Whitefish — Consultants from CZB walked the Planning Commission through the draft land‑use element for Vision Whitefish 2045 at a Feb. 4 work session, saying the document is intended to guide growth inward for the next 20 years and align the city’s zoning code with a character‑based place‑type framework.
"The estimate is about 3,000 to 5,000 people by 2045," Thomas, a CZB consultant, told the commission during a roughly 15‑minute overview. He said the draft plan is intended to accommodate approximately 2,100 new housing units by 2045 and noted that about three‑quarters of those units would be needed for households earning less than 120% of area median income.
The consultant outlined three core goals: focus growth inward, provide a range of housing options and protect community character while supporting environmental stewardship and economic resilience. To achieve those goals CZB recommended a set of actions including a zoning ordinance update to align zoning maps with place types, integrating objective design and development standards into the code (focused on form, placement and landscaping), and refining conditional uses to reduce discretionary approvals.
CZB highlighted a new "heritage downtown" place type intended to capture the smaller multifamily and mixed‑character areas south of downtown and along the river. The firm also recommended maintaining the current geographic footprint for short‑term rentals rather than expanding those zoning allowances, to help preserve opportunities for full‑time residents.
Thomas warned the commission that state law (MLUPA and related legislation noted in the presentation) requires allowing multiple‑unit dwellings and mixed uses in many commercial zones and said the law would permit taller buildings in some downtown commercial zones. "MLUPA is allowing 60‑foot buildings in the downtown," he said, and proposed local form‑based controls — build lines, step‑backs and sub‑districts — as tools to protect scale while complying with state requirements.

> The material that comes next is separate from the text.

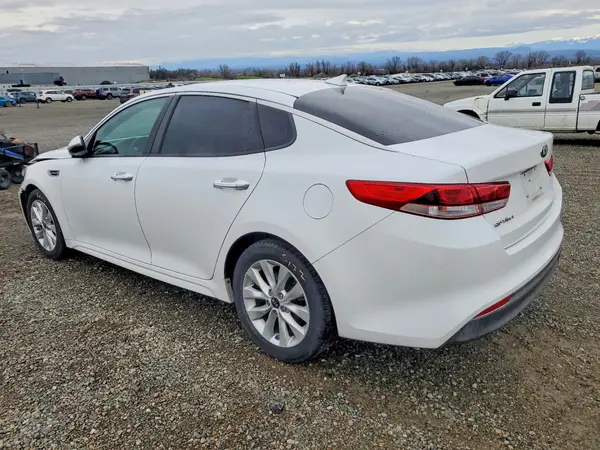 5XXGT4L30HG166385 2017 KIA OPTIMA - Image 2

The presentation included three internal parcels (A, B and C) that public outreach identified as priority areas to absorb growth and about a dozen additional annexation candidates that the public ranked for future consideration. CZB estimated the internal areas could accommodate a compact mixed‑neighborhood scenario of roughly 2,000 dwelling units; larger annexation scenarios would yield substantially more units depending on assumptions.
The public comment period that followed was lengthy and wide‑ranging, touching on historic preservation, groundwater and wetland constraints, neighborhood character, where commercial designations appear on the future‑use map, and the infrastructure needed to support higher densities. Thomas later corrected a numeric misstatement he had made earlier, clarifying the internal areas’ capacity figures with the commission.
After hearing public testimony, Commissioner speaker 13 moved to postpone the commission’s detailed discussion to the Feb. 11 work session; the motion was seconded and carried. CZB will return on Feb. 11 at 6 p.m.; the draft land‑use element is scheduled for public hearings later in February with City Council review to follow in March.